The bill, SB 396, requires the DMV to treat drivers from U.S. territories who want a Nevada license the same as drivers from out of state. Previously, drivers from territories like Puerto Rico had to retake the entire drivers test — vision, written and behind-the-wheel. Out-of-state drivers only have to retake the vision portion.
Local activist groups have argued the prior policy created unnecessary burdens for Puerto Ricans.
After waiting for the new law to go into effect, Puerto Rico native Adaliz Gonzalez, who moved to Las Vegas last year to look for work after fleeing the lingering effects of 2017’s Hurricane Maria, visited the West Flamingo DMV office Monday morning, but when she tried to transfer her license she was denied.
A supervisor there told Gonzalez the office hadn’t received any direction or notification “from above” regarding the transfer of licenses issued by U.S. territories.
In an exchange overheard by the Current, a supervisor told Gonzalez: “It’s not yet legal since nobody involved has called us about it.”
When asked why the DMV had not issued any communication related to the legislation with its branch employees, spokesman Kevin Malone responded to the Current via email: “The reason the policy was not implemented earlier is that the department wants to be able to verify the driver’s history from U.S. territories electronically as we do now for states.”
Malone said information on licenses issued in U.S. territories are not available in the database Nevada uses, meaning the DMV can’t authenticate the validity of the license or any moving violations issued against the driver.
He said the DMV doesn’t have a timeline for when the system would be updated but added that it should be resolved “shortly.”
Other states, including Arizona, visually inspect licenses before their information is entered into the National Driver Register, a separate database with national information on individuals whose licenses have been revoked, suspended, canceled or denied, or who have been convicted of serious traffic-related offenses.
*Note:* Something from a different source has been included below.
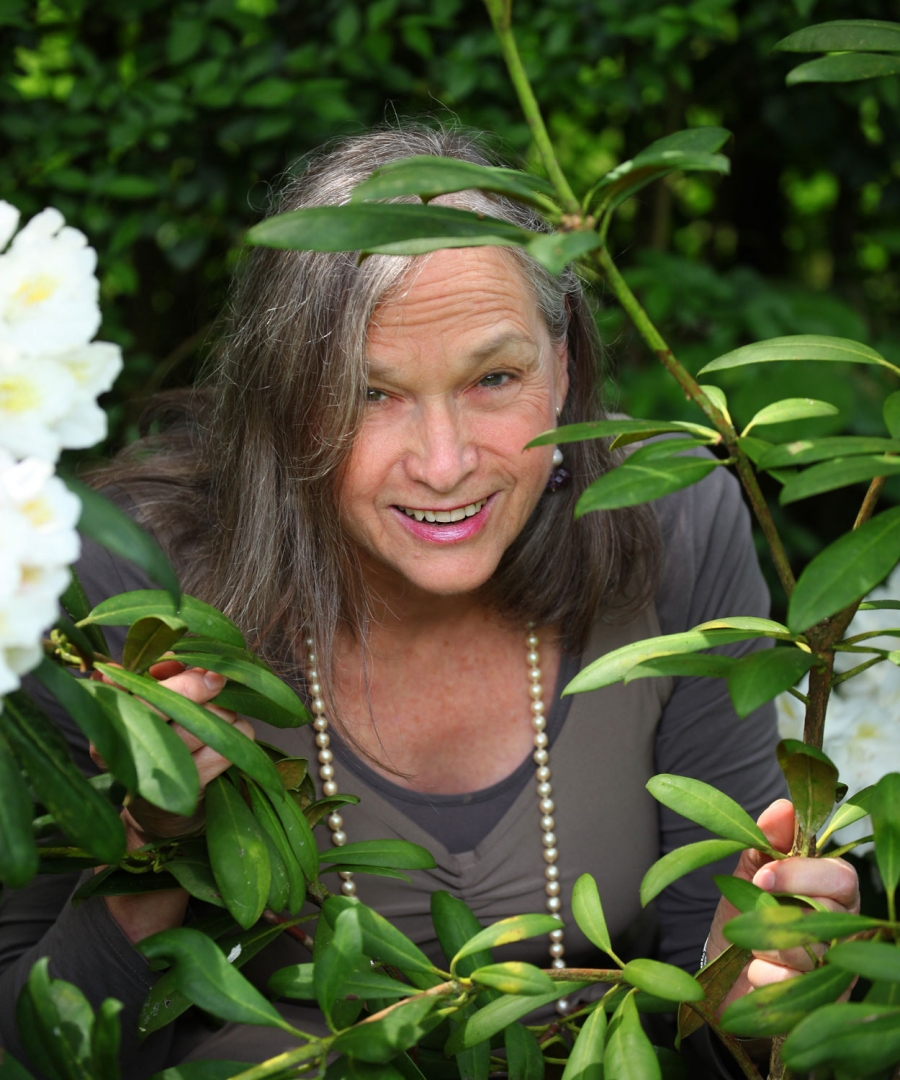 Rose-Marie François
When asked the reason for the delay in enforcing the law, Malone said the DMV expressed to legislators its desire to use a database for verification.
“That’s why we delayed implementing it, but given that the bill is in effect we have decided to begin accepting the licenses and waiving the tests as is stated in the bill.”
The legislation passed both the Senate and Assembly unanimously and was signed by Gov. Steve Sisolak on June 3. According to a fiscal note submitted by the DMV, the estimated cost to the DMV for adopting the new regulations is only $342. That money was allocated by the state.
Late in the afternoon Monday, after the Current’s inquiries, the DMV sent a statewide email directing branches to implement the legislation “effective immediately.”
“This now means applicants surrendering a valid [non-commercial or commercial driver license] from Puerto Rico, American Samoa, Guam, Northern Mariana Islands and U.S. Virgin Islands will follow the same testing procedures as an applicant from a US state,” reads the email.
“Policy is currently in process of being updated and will be made available once finalized.”
The decision to move forward with visual inspections came too late for Gonzalez, who left the DMV, disappointed.
“To me, it’s completely absurd because if it’s law you’d assume it would go into effect on the date it becomes law,” she said to the Current. “No policy should be above the law.”